De pacht is een overeenkomst waarbij een partij – de verpachter – de verbintenis aangaat het tijdelijke genot over onroerende goederen, hoofdzakelijk gebruikt voor een landbouwbedrijf, te verschaffen aan een andere partij – de pachter – tegen betaling van een vergoeding. Het is met andere woorden een huurovereenkomst met als voorwerp een goed dat hoofdzakelijk tot landbouwbedrijf bestemd is. Onder landbouwbedrijf verstaan we het voortbrengen van landbouwproducten die in hoofdzaak bestemd zijn voor de verkoop. De wet voorziet exhaustief de uitzonderingen, zoals industriële vetmesterijen.

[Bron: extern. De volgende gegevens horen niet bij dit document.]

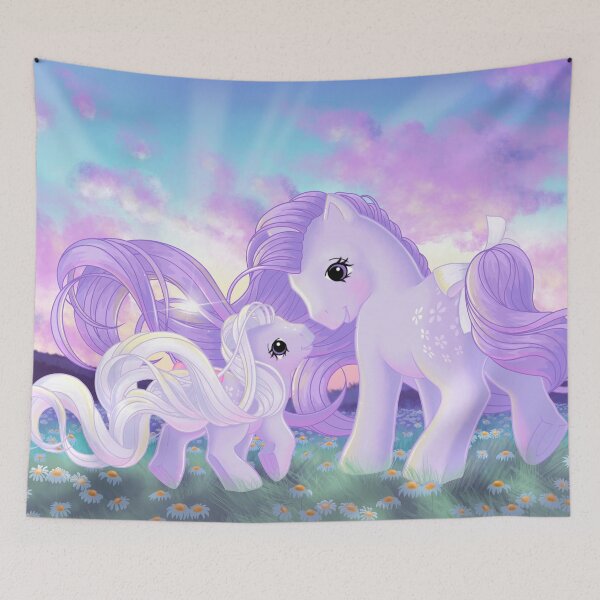 Item preview, Blossom and Baby Blossom designed and sold by scholtenart.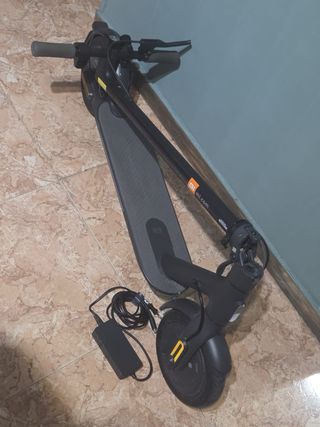 Patinete Eléctrico Xiaomi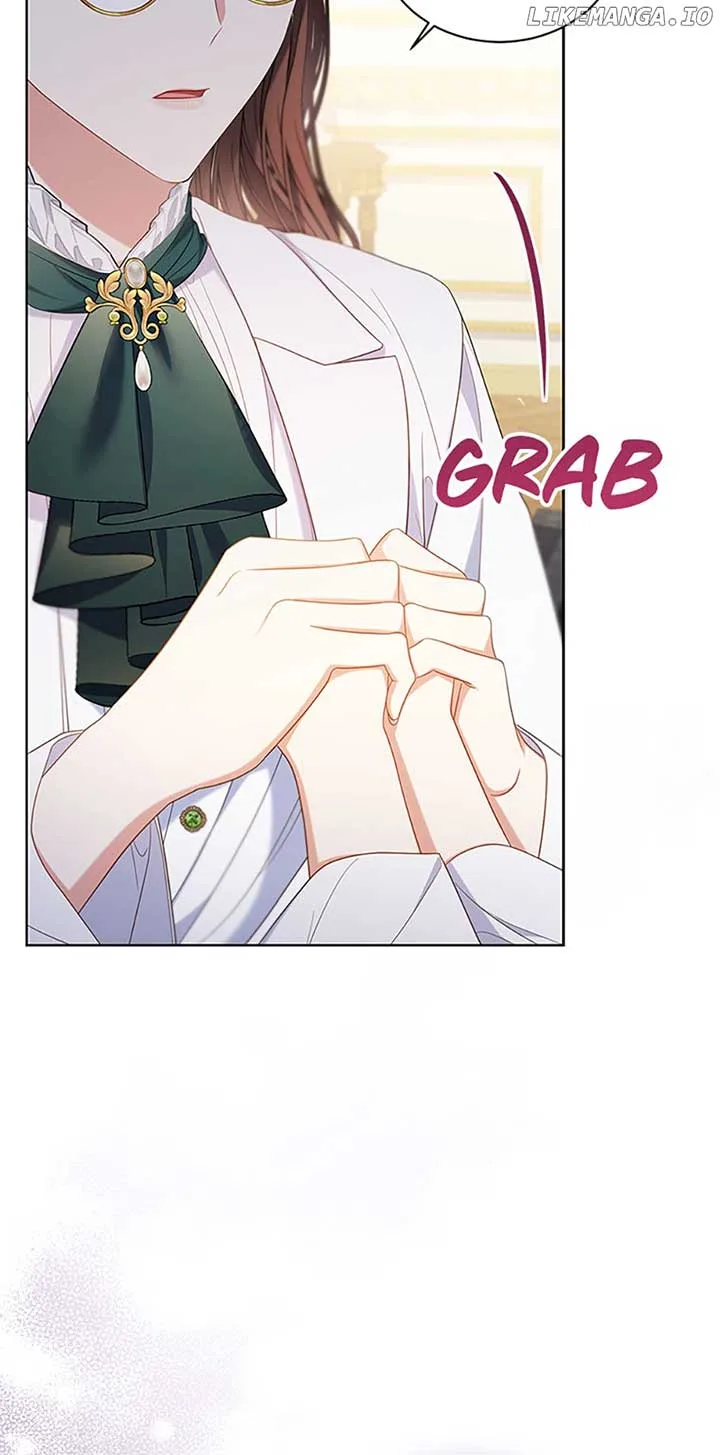 Maid To Love or Die Chapter 26 page 56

De bescherming van de pachter bestaat onder meer uit een vereenvoudigde bewijsregeling voor het bestaan van de pachtovereenkomst, een garantie van een minimumduur van negen jaar, een beperking van de opzeggingsmogelijkheden door de verpachter, een beperking van de pachtprijs (een pachtprijzencommissie bepaalt voor drie jaar en per landbouwstreek een coëfficiënt waarmee het kadastraal inkomen van het perceel vermenigvuldigd kan worden om aldus de maximumpachtprijs te berekenen), de mogelijkheden om de pachtovereenkomst over te dragen en een recht van voorkoop in geval van vervreemding van het verpachte goed. De pachter heeft ook het recht gebouwen op te richten en werken uit te voeren die nuttig zijn voor de bewoonbaarheid of dienstig zijn voor de exploitatie en hij heeft recht op bepaalde vergoedingen bij het einde van de overeenkomst. De initiële pachtovereenkomst kan verlengd worden na verloop van haar duurtijd. In tegenstelling tot wat het geval is voor de handelshuurovereenkomst, hoeft de pachter hiervoor niets te ondernemen. Bij gebrek aan een rechtsgeldige opzegging (de procedure inzake pacht is zeer formalistisch) wordt de pacht telkens automatisch verlengd voor een periode van negen jaar. Omdat pacht een gewestelijke materie geworden is, werd de Pachtwet vervangen door het Vlaams Pachtdecreet. In dit decreet blijven de beschermingsmechanismen voor de pachter gelden.